• Baseline Config: Hardened image (CIS benchmarks, STIGs) deployed to all endpoints; prevents configuration drift
• FDE (Full Disk Encryption): Encrypts entire drive (BitLocker, FileVault); protects data at rest if device stolen; requires key escrow/recovery
• Patch Management: Automated deployment of OS/app updates; critical/urgent patches prioritized; test before prod; Patch Tuesday cycles
• Remove Unnecessary Software: Attack surface reduction; remove games, unused browsers, admin tools; prevents shadow IT vulnerabilities
• Group Policy (GPO): Windows centralized management; enforces password policies, USB restrictions, software restrictions, registry settings
• SELinux (Security-Enhanced Linux): MAC (Mandatory Access Control) enforcing security policies on Linux; restricts process capabilities beyond traditional permissions
• EDR (Endpoint Detection and Response): Real-time monitoring, threat hunting, automated response (isolation, file quarantine); replaces traditional AV
• XDR (Extended Detection and Response): EDR + network/email/cloud data; cross-layer correlation; single pane of glass
• HIDS/HIPS: HIDS (Host-based IDS) logs/analyzes endpoint activity (detection only); HIPS blocks malicious processes/files (prevention inline)

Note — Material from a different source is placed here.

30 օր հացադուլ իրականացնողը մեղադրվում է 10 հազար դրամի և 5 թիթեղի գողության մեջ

• UEBA (User and Entity Behavior Analytics): ML-driven anomaly detection; baselines normal behavior, flags impossible travel or off-hours data exfiltration
• Allow/Deny Lists: Whitelisting (default deny, explicit permit only—high security, high maintenance) vs Blacklisting (block known bad—traditional AV model)

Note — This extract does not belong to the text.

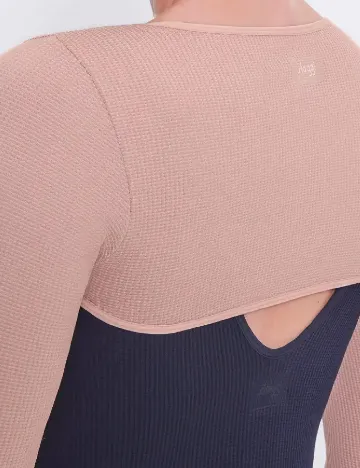 Bolero Sloggi by Triumph, roz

• Deployment Models: BYOD (high risk, limited control), COBO (locked corporate), COPE (managed + personal allowance), CYOD (approved list selection)

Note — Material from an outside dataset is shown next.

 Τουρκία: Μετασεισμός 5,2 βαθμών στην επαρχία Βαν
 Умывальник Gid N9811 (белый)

• MDM: Centralized mobile control (Intune, VMware Workspace ONE); remote wipe, enforce encryption, managed apps, separate work/personal containers
• Geofencing: Location-based policy enforcement (disable camera in facility, wipe if leaves country); Privacy Concerns: location tracking, personal data separation, BYOD monitoring scope
• PAN/Network Risks: Personal Area Networks (Bluetooth), WiFi Tethering/Hotspots, Ad-hoc Networks; risks include data exfiltration via personal cloud, bypassing corporate firewall, bridging secure/unsecure networks, creating rogue APs for attackers
Quick Distinctions: EDR = endpoint deep dive; XDR = cross-platform correlation; HIDS alerts, HIPS blocks; SELinux = Linux MAC enforcement; Geofencing = location policy boundary.